Requiem is a novel by Robyn Young set during the end of the ninth and final crusade. It was first published by E.P. Dutton in 2008.

==Plot summary==
Requiem, like Brethren and Crusade before it, follows Will Campbell, a Templar involved in a secret order known as the Anima Templi. After the Fall of Acre, Will returns to Europe to find out that his order agreed to help King Edward I to conquer Will's homeland, Scotland. Will decides to leave the Templars and fight together with his people against English invaders. But after his return to Paris he must face an even bigger danger, a plot that will lead to the end of the Knights Templar.

==Historical figures==
The following characters in the book were real historical figures:

- Edward I of England: King of England from 1272 to 1307.
- Guillaume de Nogaret: councillor and keeper of the seal to Philip IV of France.
- Hugues de Pairaud: Visitor of the Knights Templar in France.
- Jacques de Molay: the last Grand Master of the Knights Templar, from 1292 to his death on stake in 1314.
- Joan I of Navarre: queen regnant of Navarre and queen consort of France, wife of king Philip IV of France.
- John de Warenne: 7th Earl of Surrey, appointed by Edward I of England the "warden of the kingdom and land of Scotland", one of the commanders at the Battle of Stirling Bridge and the Battle of Falkirk.
- Philip IV of France: King of France from 1285 to 1314.
- Pope Boniface VIII: Pope from 1294 to 1303.
- Pope Clement V (Bertrand de Got): Pope from 1305 to 1314.
- William Wallace: leader of a resistance during the Wars of Scottish Independence.

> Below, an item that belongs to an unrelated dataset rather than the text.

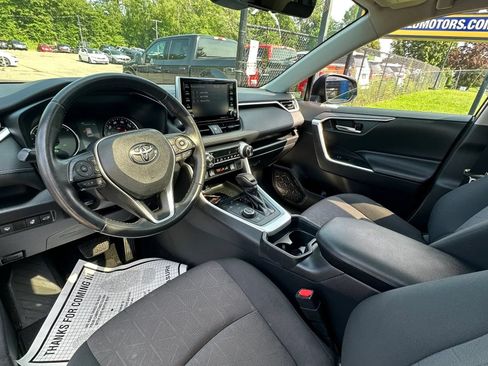 Used 2019 Toyota RAV4 XLE w/ Convenience Package AWD/4WD image 24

The following historical figures are mentioned in the book or involved with the plot, but do not appear as characters themselves:
- Louis IX of France: King of France from 1226 to 1270.
- Guillaume de Beaujeu: Grand Master of the Knights Templar from 1273 to 1291, mortally wounded during the siege of Acre.
- Thibaud Gaudin: Grand Commander of the Knights Templar under Guillaume de Beaujeu, then Grand Master of the Knights Templar from 1291 to 1292.

==Publication history==
Requiem was first released in the United Kingdom in 2008. In United States and Canada it was released under the title The Fall of the Templars.

==Reception==
The novel received a mixed response from reviewers, with most citing the story's disjointed nature and disparity with the rest of the trilogy as the novel's shortcomings.

John Washburn, in a mostly positive review for Myshelf.com, found that "this is a different novel but still quite good". In a similar review for The Daily Telegraph, Toby Clements stated that "Young's prose is fine, and the plot is satisfyingly complex, but in the end this book lives or dies on your attitude to the Templars, and in particular, the much romanticised William Wallace.". A. Jurek, of Curledup.com, was more critical of this concluding novel, stating that "Campbell's story essentially meanders through historical events such as the rebellion of William Wallace, sometimes drowning beneath the surface other story lines and events as he writhes purposelessly for many pages" and, with respect to the novel as a whole, opined "all this is a disappointment because Young can write better; in Crusade, she sets a time bomb ticking in the very first chapter, and the book is a thrill to read. I wish she had done the same in The Fall of the Templars."